- Task prompt -
An exact transcription of the lines from the one holding "Finoa Residential Suite" to the end of the entries below, and nothing more, is the required answer. Please omit the pictures.

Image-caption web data
%%
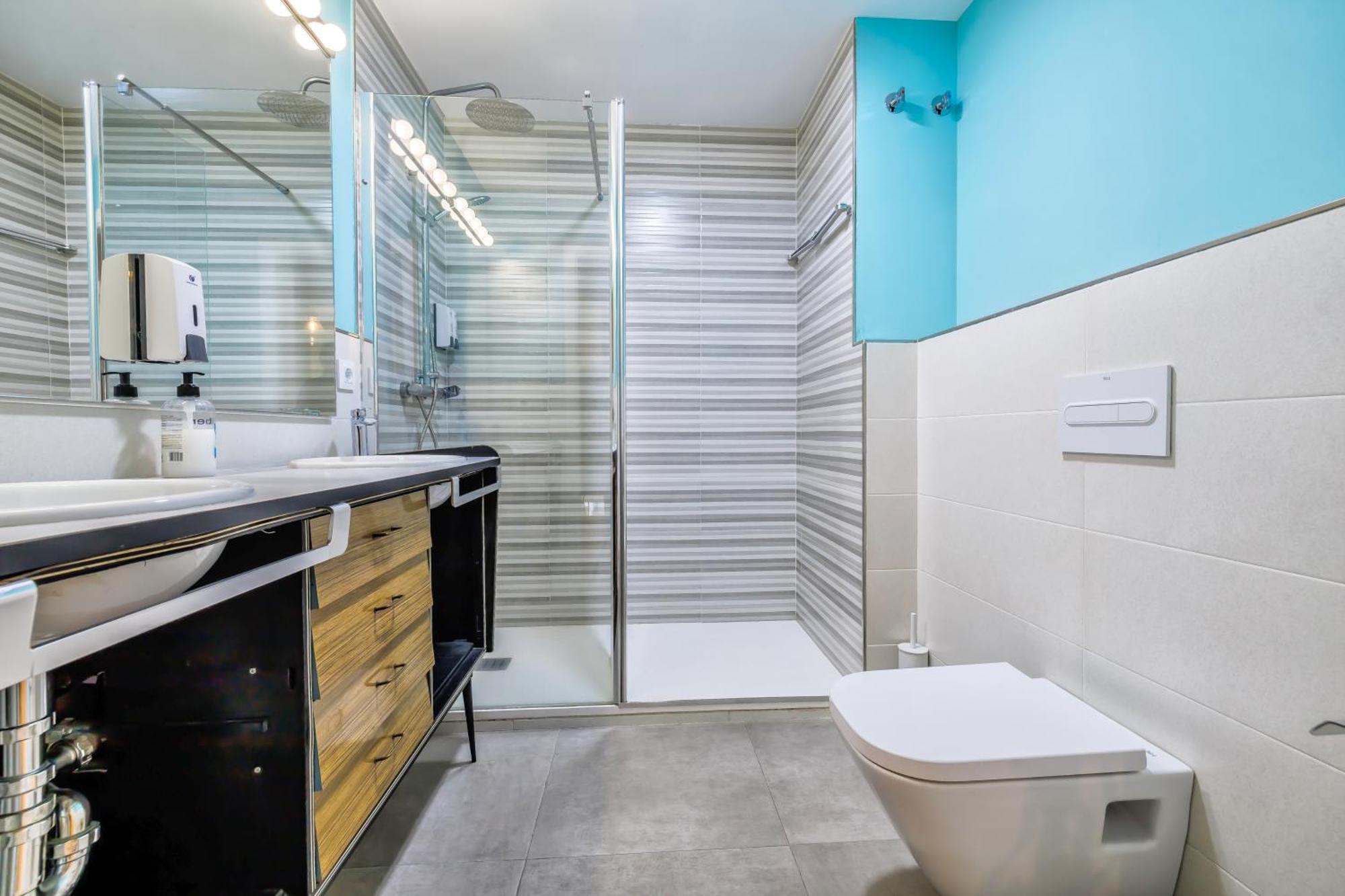 Saavedra Confort & Centre Apartamento *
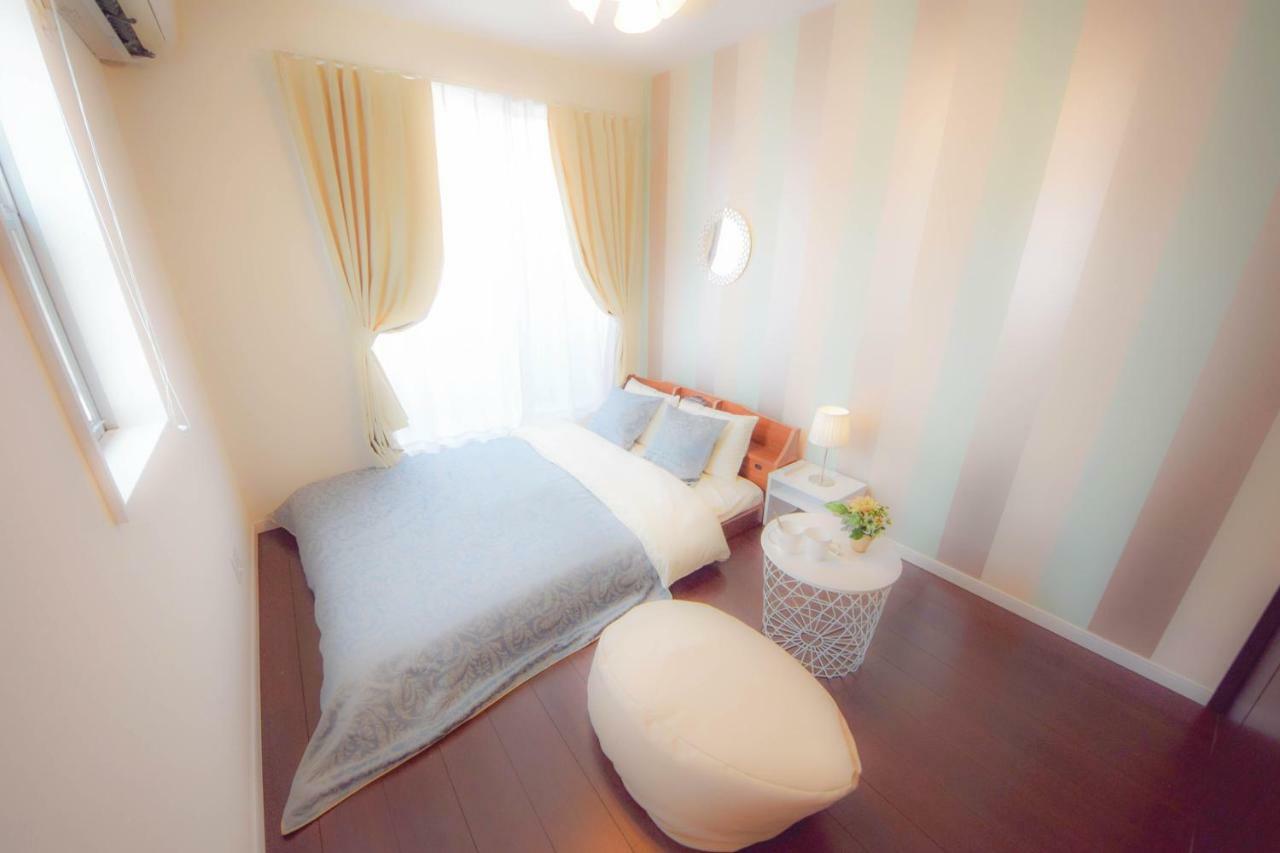 Finoa Residential Suite Kagurazaka Tokio Zewnętrze zdjęcie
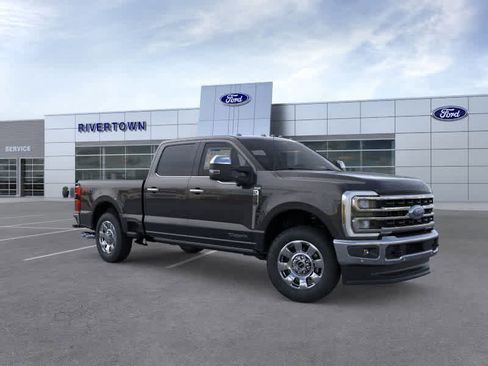 New 2026 Ford F250 King Ranch w/ Chrome Package image 7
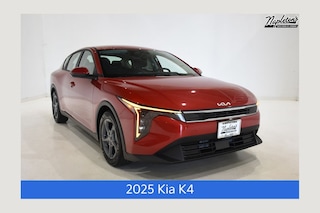 2025 Kia K4 LXS Sedan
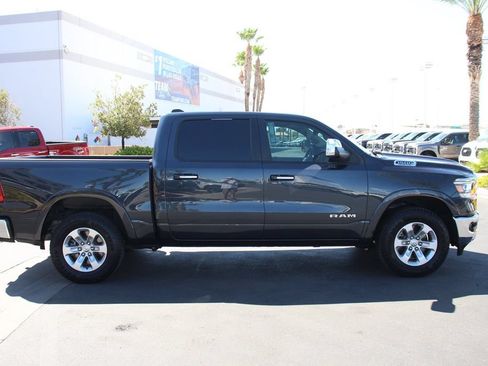 Used 2021 RAM 1500 Laramie AWD/4WD image 10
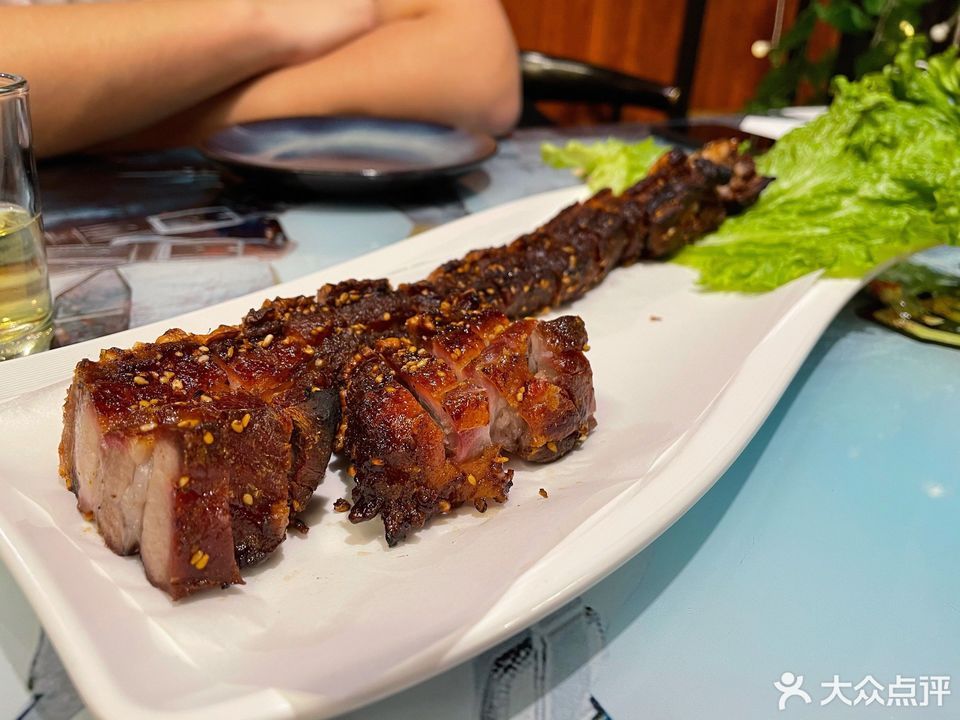 吊炉五花肉图片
%%
- Task answer -
 Finoa Residential Suite Kagurazaka Tokio Zewnętrze zdjęcie
 New 2026 Ford F250 King Ranch w/ Chrome Package image 7
 2025 Kia K4 LXS Sedan
 Used 2021 RAM 1500 Laramie AWD/4WD image 10
 吊炉五花肉图片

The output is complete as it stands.